▶ **Prompt**
Scan the records for lines with the word "Rover", and copy every such line.

START Dataset records

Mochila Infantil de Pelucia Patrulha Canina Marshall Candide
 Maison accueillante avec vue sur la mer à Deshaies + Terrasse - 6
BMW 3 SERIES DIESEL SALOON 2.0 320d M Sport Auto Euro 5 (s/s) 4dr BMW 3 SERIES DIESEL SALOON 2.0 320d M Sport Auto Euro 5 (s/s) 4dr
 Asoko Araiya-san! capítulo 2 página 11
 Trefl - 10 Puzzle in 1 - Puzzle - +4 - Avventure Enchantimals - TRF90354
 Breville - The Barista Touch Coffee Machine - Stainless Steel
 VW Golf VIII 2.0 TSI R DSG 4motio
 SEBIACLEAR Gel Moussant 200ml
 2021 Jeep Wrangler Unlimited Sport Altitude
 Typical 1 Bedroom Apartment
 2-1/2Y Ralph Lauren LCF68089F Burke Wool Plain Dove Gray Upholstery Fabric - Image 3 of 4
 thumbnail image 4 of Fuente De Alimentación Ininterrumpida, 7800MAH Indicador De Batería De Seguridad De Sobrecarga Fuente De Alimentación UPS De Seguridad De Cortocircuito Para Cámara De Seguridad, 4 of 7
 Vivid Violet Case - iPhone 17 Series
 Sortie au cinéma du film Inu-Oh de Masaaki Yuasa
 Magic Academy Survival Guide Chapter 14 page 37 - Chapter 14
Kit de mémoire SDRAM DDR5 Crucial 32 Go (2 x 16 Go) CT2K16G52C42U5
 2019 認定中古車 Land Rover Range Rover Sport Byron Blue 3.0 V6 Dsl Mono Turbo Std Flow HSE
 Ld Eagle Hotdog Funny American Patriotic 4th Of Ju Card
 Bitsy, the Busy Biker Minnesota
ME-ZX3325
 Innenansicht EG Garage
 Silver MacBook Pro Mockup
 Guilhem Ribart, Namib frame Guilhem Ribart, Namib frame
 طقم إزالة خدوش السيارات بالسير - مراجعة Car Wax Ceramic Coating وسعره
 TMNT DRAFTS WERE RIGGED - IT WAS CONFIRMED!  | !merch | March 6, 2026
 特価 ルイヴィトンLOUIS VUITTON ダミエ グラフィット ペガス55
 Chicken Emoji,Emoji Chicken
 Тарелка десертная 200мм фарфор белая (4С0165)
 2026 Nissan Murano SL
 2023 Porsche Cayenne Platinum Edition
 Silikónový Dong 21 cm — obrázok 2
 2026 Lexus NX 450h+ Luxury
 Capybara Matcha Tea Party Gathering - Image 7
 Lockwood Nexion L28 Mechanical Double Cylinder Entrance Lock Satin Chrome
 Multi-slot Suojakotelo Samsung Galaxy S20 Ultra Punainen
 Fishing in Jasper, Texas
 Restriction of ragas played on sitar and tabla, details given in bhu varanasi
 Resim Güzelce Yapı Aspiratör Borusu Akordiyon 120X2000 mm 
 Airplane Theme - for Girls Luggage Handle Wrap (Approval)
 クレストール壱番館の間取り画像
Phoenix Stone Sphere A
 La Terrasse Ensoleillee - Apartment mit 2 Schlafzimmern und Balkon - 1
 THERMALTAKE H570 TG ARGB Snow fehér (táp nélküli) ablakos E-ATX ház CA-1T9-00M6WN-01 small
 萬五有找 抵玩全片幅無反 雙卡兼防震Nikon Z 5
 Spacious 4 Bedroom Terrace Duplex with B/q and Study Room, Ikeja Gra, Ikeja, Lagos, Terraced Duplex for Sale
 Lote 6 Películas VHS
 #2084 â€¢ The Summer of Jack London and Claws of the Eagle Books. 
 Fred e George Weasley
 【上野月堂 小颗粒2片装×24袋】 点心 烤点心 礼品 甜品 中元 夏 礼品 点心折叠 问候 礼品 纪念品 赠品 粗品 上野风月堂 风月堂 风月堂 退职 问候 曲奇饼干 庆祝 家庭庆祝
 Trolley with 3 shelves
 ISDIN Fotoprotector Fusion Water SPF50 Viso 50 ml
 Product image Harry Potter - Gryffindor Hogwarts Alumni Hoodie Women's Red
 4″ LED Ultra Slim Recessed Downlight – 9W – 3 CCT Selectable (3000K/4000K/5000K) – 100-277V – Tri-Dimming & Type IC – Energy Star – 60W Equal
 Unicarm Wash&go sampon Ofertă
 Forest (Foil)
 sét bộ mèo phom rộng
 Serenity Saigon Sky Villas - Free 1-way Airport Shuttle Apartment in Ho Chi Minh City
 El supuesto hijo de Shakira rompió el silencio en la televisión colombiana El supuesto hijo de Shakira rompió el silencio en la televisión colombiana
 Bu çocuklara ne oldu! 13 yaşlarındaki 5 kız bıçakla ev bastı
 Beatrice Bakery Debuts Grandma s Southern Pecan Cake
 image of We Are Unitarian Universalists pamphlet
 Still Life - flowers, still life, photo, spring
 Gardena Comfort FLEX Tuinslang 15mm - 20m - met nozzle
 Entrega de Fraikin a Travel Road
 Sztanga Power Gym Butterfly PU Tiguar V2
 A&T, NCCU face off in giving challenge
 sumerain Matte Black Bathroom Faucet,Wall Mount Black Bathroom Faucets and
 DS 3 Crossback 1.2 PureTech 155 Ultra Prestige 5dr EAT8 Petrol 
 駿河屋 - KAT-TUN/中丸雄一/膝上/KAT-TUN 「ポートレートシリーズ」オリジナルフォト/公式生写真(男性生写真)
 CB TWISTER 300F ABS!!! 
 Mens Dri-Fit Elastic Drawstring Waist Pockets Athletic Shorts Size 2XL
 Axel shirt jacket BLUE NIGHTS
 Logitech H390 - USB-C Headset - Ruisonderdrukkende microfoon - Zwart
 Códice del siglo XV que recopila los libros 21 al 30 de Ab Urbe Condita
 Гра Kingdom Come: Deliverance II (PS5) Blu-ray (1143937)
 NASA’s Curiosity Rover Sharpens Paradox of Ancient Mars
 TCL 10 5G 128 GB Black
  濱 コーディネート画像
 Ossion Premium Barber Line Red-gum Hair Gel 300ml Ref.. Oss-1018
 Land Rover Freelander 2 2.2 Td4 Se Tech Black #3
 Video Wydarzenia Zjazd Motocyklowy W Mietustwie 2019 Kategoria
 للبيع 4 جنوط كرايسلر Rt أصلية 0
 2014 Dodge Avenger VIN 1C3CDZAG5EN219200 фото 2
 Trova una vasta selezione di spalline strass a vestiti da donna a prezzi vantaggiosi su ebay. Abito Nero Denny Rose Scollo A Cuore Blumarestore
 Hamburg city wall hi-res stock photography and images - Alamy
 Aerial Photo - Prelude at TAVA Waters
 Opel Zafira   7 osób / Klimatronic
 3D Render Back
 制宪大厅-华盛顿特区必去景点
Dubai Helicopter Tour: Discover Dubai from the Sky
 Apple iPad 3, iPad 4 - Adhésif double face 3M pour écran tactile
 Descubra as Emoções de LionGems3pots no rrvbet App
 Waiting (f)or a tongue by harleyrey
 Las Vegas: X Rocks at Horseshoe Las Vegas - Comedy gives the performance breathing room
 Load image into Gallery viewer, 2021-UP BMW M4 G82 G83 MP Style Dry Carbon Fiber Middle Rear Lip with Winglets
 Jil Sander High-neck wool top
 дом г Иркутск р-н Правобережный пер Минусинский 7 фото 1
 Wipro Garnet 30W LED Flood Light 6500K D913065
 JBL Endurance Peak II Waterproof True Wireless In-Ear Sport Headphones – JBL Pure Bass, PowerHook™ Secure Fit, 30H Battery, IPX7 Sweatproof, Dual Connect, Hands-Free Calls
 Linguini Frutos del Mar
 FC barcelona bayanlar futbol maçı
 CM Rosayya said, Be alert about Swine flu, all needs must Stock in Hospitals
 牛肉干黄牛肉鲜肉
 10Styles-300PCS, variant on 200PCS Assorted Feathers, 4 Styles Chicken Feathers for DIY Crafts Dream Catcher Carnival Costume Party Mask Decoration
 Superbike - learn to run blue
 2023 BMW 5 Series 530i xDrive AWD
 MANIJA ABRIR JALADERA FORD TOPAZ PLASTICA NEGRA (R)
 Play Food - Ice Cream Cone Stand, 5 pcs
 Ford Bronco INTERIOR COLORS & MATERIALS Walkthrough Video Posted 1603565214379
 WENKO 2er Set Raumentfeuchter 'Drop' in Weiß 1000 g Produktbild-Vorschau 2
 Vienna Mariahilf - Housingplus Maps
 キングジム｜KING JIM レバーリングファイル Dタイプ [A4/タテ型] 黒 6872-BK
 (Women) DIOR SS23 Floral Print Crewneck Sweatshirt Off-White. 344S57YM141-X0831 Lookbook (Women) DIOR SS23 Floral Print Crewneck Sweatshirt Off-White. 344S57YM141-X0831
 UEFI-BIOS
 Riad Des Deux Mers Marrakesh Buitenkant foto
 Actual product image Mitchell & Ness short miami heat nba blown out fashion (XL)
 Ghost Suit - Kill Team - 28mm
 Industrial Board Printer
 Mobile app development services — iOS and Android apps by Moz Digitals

END Dataset records

▶ **Response box**
 2019 認定中古車 Land Rover Range Rover Sport Byron Blue 3.0 V6 Dsl Mono Turbo Std Flow HSE
 NASA’s Curiosity Rover Sharpens Paradox of Ancient Mars
 Land Rover Freelander 2 2.2 Td4 Se Tech Black #3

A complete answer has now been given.